Assim, a uma pobre mulher que morreu enquanto fazia um aborto, a uma que acabou assassinada durante uma escapada extraconjugal, a um ateu famoso, ou a um suicida são oferecidos misericordiosamente funerais em uma cerimônia católica, juntamente com as suas guitarras, os seus cachorrinhos de estimação, as bandeiras do clube de futebol de coração… etc. É isso mesmo, os tempos estão difíceis e, se assim não se faz, a Igreja, de fato, é taxada de impiedosa. Uma pergunta, no entanto não quer calar: será que os tempos eram menos “difíceis” quando Cavour enfiava nas prisões arcebispos e cardeais que se recusavam a entoar o solene Te Deum para as glórias da Patria Risorgimentale? O Beato Pio IX excomungou todos os Padres da Itália Unificada e suspendeu “a divinis” o frade que, contrariando suas ordens, administrou os últimos sacramentos a Cavour sem que ele tivesse se arrependido de seus confiscos e espoliações.

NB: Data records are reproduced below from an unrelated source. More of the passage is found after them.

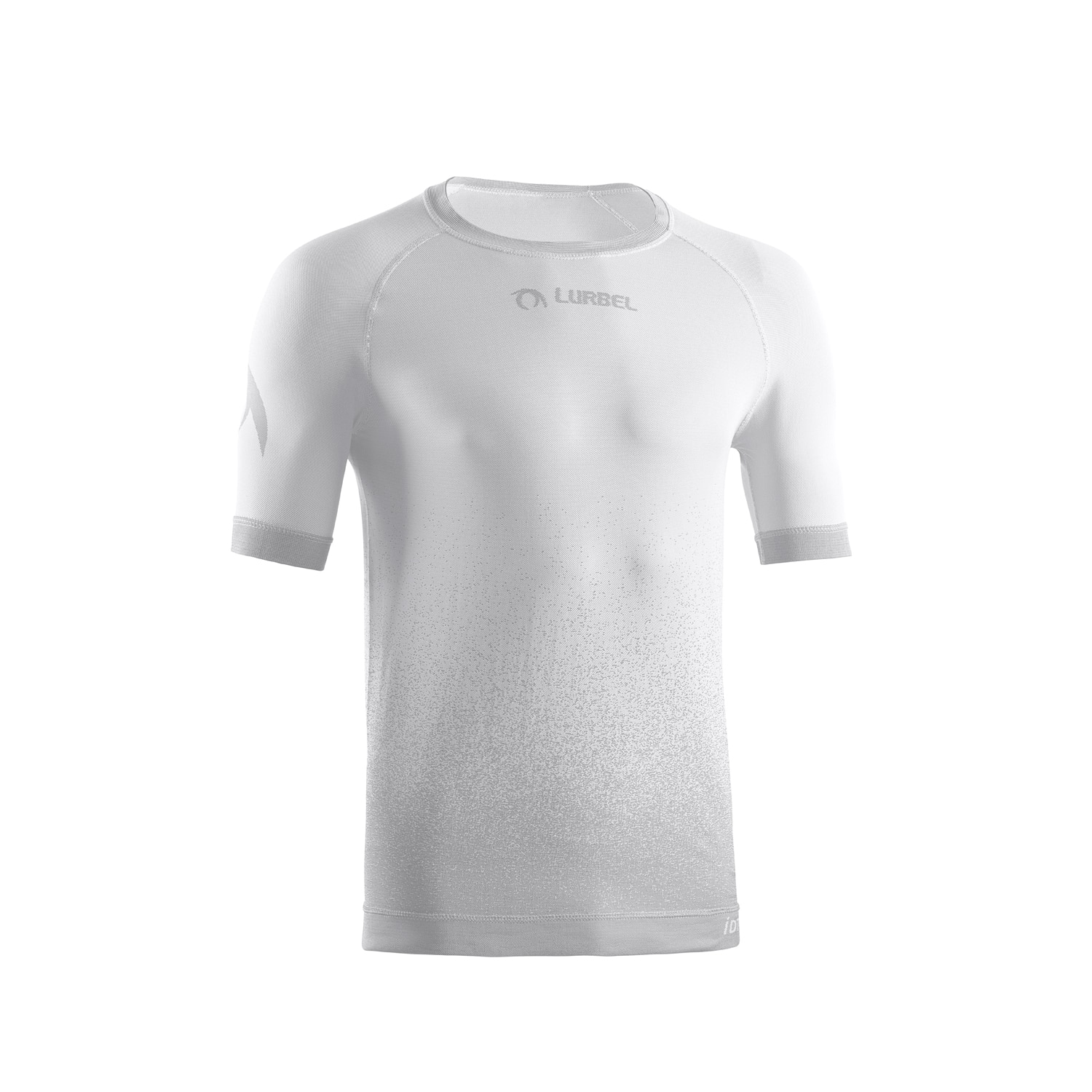 Camiseta de manga corta de running de hombre Samba Short Sleeves Lurbel - Gris claro Gris claro-1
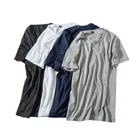 Мужская повседневная быстросохнущая футболка Meihuida с круглым вырезом и коротким рукавом для спорта в тренажерном зале, фитнеса, бодибилдинга, однотонная Базовая футболка, Топ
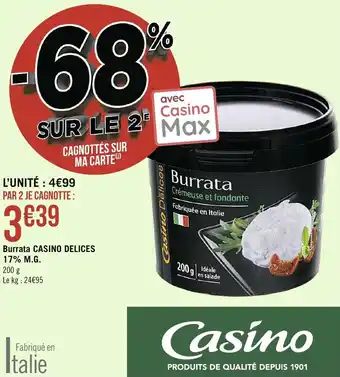 CASINO DELICES burrata casino delices 17% M.G.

Vittorio Emanuele II, que vivia em concubinato com a “bela Rosin”, na propriedade real de San Rossore quando, por uma forte influenza, se viu à beira da morte (naquele tempo não haviam antibióticos), mandou chamar o Arcebispo de Pisa, o qual enviou-lhe uma mensagem dizendo que se ele quisesse os sacramentos, deveria: a) se casar regularmente; b) se retratar de tudo o que ele tinha feito contra a Igreja e o Catolicismo. Mas, notem bem, o prelado sabia bem que ele corria sério risco de retaliação, tanto para ele pessoalmente como para tudo o que ele representava. Mas, o rei acabou capitulando, pedindo apenas que o assunto não vazasse. Negócio fechado, porque naquela Igreja “impiedosa” interessava apenas a salvação de sua alma.
Mas, como já foi dito, eram tempos diferentes. Hoje, os tempos – me desculpem a tautologia – são diferentes e talvez o homem contemporâneo não merece ser levado tão a sério assim, tratado como um adulto ao invés de um molecão que nunca cresceu. Alguns me dirão que assim ele permanece em sua inocência de infância. Mas, não cabe a mim decidir estratégias e modus operandi. Como repórter, no entanto, eu apenas registro o que vejo. E vejo uma desconexão entre a classe dominante e o povo, tanto no âmbito secular como no lado religioso. As pessoas, como nos dias do socialismo real, estão votando com os pés. Tanto nas praças, como em direção aos santuários marianos. Mas, talvez seja muito cedo para uma avaliação: a Igreja pensa em termos de séculos.